Culture is emerging as an important, long-neglected dimension of water management. Allan’s discussion of the Islamic perspective on water reflects his awareness that religion could play a significant role in water management in the largely Muslim Middle East. However, his analysis of this theme is at times cursory. For example, he states that Islam considers water a free good. Unmentioned, however, is the fact that the religious authorities in Saudi Arabia have settled the issue of charging for freshwater. They decreed that water cannot be charged for at source, in its natural state, but that the cost of delivering that water to homes, farms and industries can be charged for. Allan’s uncertainty about whether charges “for water in channels will become commonplace” (p. 113) is the more puzzling because consumers are charged for water in most Muslim countries, certainly in those that have a comprehensive water-delivery infrastructure and strong central government.

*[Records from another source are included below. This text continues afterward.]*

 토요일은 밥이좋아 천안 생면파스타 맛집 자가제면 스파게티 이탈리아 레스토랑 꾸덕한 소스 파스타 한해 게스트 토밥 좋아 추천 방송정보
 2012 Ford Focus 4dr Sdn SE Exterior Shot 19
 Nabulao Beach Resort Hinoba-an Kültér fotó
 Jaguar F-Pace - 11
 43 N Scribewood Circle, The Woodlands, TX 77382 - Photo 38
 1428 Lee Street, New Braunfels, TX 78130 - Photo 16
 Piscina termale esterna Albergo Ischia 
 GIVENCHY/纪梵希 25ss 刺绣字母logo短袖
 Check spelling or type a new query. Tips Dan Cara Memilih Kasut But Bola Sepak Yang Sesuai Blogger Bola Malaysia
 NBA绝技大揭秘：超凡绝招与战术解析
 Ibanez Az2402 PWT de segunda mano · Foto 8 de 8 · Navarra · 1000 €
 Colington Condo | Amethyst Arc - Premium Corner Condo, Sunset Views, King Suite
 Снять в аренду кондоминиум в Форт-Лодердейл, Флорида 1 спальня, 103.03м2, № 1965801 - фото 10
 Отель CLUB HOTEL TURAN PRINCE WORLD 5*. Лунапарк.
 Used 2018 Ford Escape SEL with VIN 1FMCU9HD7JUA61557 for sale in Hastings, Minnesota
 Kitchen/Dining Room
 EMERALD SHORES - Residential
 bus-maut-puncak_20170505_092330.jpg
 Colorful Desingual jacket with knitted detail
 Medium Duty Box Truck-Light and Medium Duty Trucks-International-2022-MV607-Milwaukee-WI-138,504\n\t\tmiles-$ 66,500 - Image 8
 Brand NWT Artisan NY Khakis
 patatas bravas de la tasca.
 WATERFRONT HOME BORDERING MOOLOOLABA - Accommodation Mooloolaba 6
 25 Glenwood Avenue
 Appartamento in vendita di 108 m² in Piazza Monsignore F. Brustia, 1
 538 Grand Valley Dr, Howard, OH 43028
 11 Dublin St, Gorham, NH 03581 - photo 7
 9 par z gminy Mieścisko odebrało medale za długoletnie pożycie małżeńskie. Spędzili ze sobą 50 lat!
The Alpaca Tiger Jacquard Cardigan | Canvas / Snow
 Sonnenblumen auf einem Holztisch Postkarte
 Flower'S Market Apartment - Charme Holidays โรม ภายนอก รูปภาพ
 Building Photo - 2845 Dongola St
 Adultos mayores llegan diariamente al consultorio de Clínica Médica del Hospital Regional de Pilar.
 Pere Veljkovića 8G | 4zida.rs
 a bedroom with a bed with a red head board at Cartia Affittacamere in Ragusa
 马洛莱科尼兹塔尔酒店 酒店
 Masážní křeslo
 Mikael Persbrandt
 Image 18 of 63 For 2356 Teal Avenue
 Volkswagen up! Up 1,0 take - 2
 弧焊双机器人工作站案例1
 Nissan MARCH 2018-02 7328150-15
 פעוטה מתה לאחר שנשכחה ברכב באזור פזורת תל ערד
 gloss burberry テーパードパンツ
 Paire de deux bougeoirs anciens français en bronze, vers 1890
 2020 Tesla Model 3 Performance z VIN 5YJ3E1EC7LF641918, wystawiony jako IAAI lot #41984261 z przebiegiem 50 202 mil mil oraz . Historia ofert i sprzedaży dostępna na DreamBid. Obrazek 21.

Allan states that the overwhelming majority of people living in Turkey, as well as in the Arab countries and Iran, are Muslims and are “imbued with precepts of Islam” (p. 174). This skirts the fact that for over fifty years Turkish governments have been diligent and militant in trying to suppress Islamic tendencies among their citizenry. One wonders how “imbued” Turks are with Islam and how much it influences their outlook on environmental and water issues.
The book is filled with numerous tables and charts that usefully summarise issues and debates, or help show the linkages between geopolitical, economic and social variables. These diagrams and the maps are eminently helpful, making the book “student friendly” and recommendable for senior undergraduate and graduate courses on the political economy and geography of water in the Middle East. Additional merits are the extensive bibliography and excellent index. A minor quibble is that the bolding so many words and the frequent changes of font sizes, often without self-evident or compelling reasons, may prove distracting to the reader.
Although I differ from Allan on the future response of nation states to water stress, believing that scarcity-induced conflict is more likely than he maintains, his encyclopaedic survey—the culmination of two decades’ research—must be hailed as a major contribution to our understanding in this area.